DATASET EXCERPT.

********************

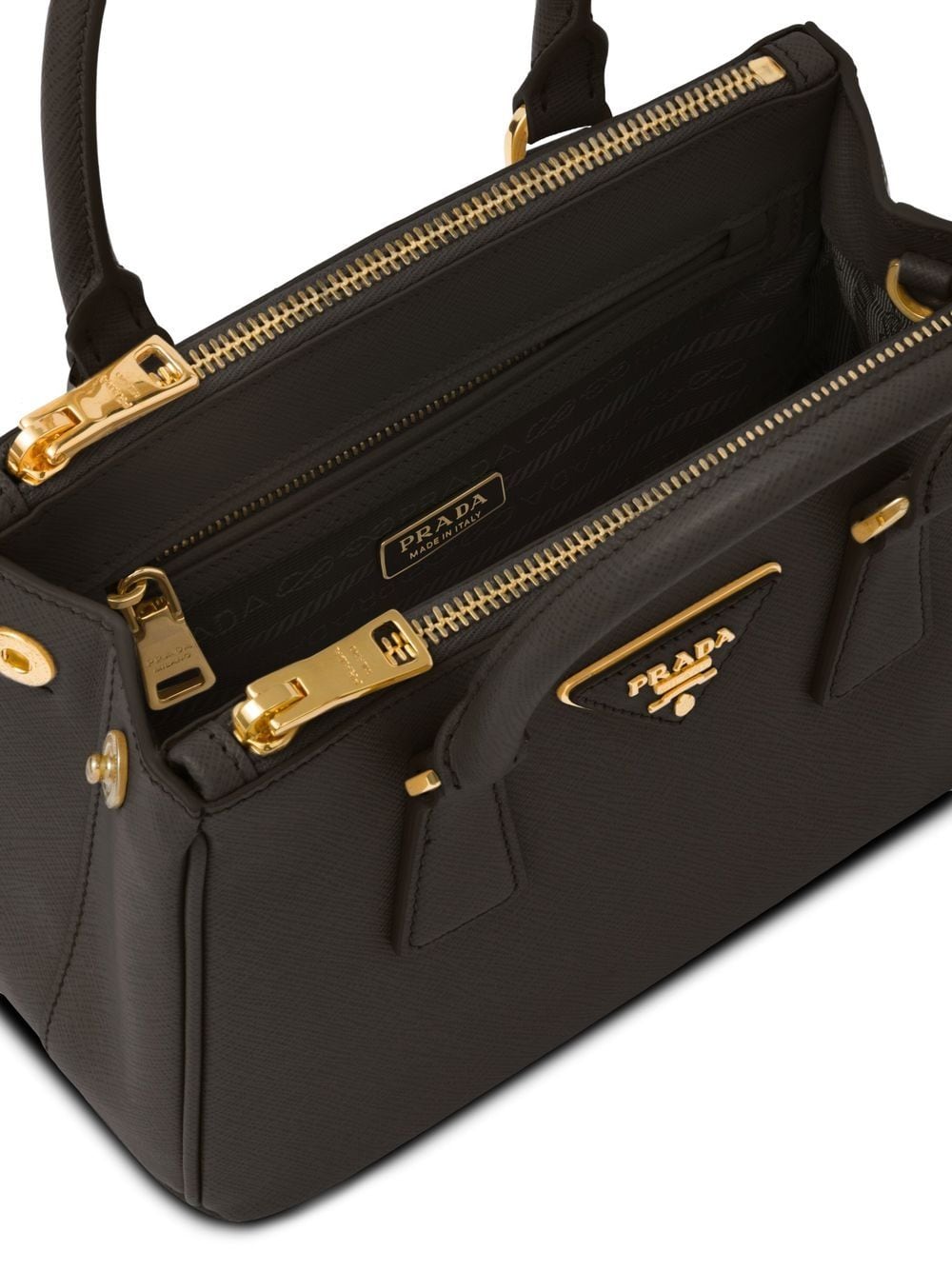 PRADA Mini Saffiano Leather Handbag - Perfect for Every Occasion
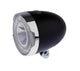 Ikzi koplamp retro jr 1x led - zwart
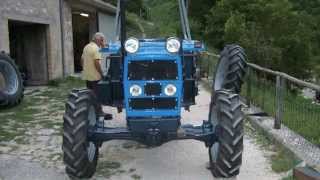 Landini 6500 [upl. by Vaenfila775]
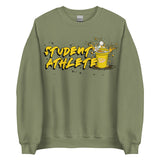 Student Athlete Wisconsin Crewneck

********************

EXERCISE. Everything from the line containing "Landini 6500 [upl. by Vaenfila775]" through the final line of the material must be set down exactly, except the pictures.

PROBLEM SOLUTION.
 Landini 6500 [upl. by Vaenfila775]
 Student Athlete Wisconsin Crewneck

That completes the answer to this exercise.